Creative economy advocates – from the head of a performing arts center to a venue owner, actor and Actors’ Equity executive – lobbied Congress today to shore up the industry before may it be too late in the midst of an ongoing Covid-19 crisis.

“We can’t let the creative infrastructure of our economy disappear,” said Carson Elrod, actor and co-founder of Be An #ArtsHero/Arts Workers United, during a hearing before the House Small Business Committee. He has traveled his theatrical career since March 2020, a cycle of departures and cancellations (most recently the alchemist off-Broadway at New World Stages) in an industry where workers are still suffering severe financial fallout from Covid-related shutdowns even as government assistance programs have dried up.
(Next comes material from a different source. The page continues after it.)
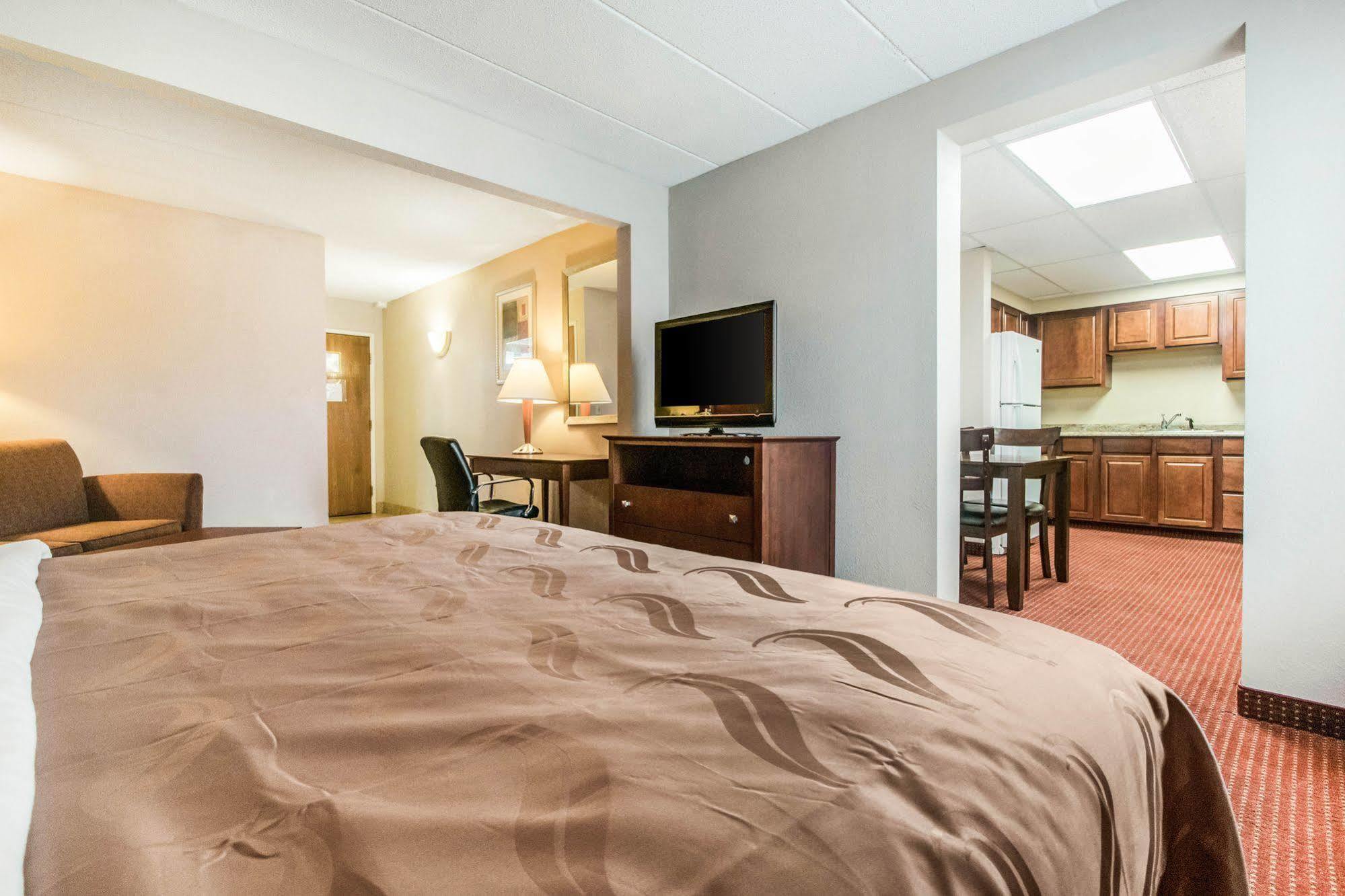 Quality Inn & Suites Lawrenceburg Eksteriør billede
“The human need to come together, to find cultural experiences will be enormous after this. We need Congress to move so that arts workers can remain arts workers in the 21st century,” he said, running forcefully for a new government job as arts and culture secretary. The idea has been floated and is needed to develop guidelines that “will stabilize us and put a floor under us” and broaden the eligibility requirements, Elrod said, especially as we may see variant after variant. This should start with a GAO-like report “to take an in-depth, granular look at what happened and what will happen.”

It might go without saying, but he and others, including House members on the committee, said it anyway – the industry, which accounted for 4.1% of GDP before the pandemic and employs 5.2 million people across the country plus approximately $100 billion the ripple impact for hotels, restaurants, bars, parking lots, Ubers and other local businesses is worth saving.

PPP Loans, Save Our Stages, Shuttered Venue Operators Grants have seen many people through the shutdown. But as the recent Broadway convulsions show (nine Broadway shows have closed since December, some permanently, others until spring), the pain is far from over at a company where remote work n is not an option.

“The reality is that without the sacrifices of artists, and without the infusion of state and federal dollars, as well as the generosity of our donors and members of the public, we would not exist, and I would not be testifying before you today. today,” said Nataki Garrett, artistic director of the Oregon Shakespeare Festival in Ashland, Oregon. The festival had to lay off 90% of its employees and cancel 829 performances as well as community engagement and education initiatives. “I’m haunted by the choices we’ve had to make to keep OSF afloat,” she said, adding that SVOG was too complex – “different from state to state and bank to bank.” the other”. She suggested streamlining the process, freeing up $2 billion that remains in circulation and extending the time to spend it.

“The wounds the pandemic has inflicted on the arts economy are deep and painful. If we want the industry to return to pre-COVID trends and continue to be an economic driver for local communities, these businesses need more support and investment,” acknowledged committee chair Nydia Velázquez (D -NY). “Investing in the creative economy will help this crucial sector recover while fueling overall economic growth.”

Sandra Karas, actress and secretary-treasurer of the Actors’ Equity Association, has called on Congress to pass the Performers’ Parity Tax Act (PATPA) that will allow performers to deduct out-of-pocket expenses necessary to seek work and stay current in the industry. from agent and manager fees to transportation for auditions, website maintenance, portraits, video reels, which can be 20-30% of gross income.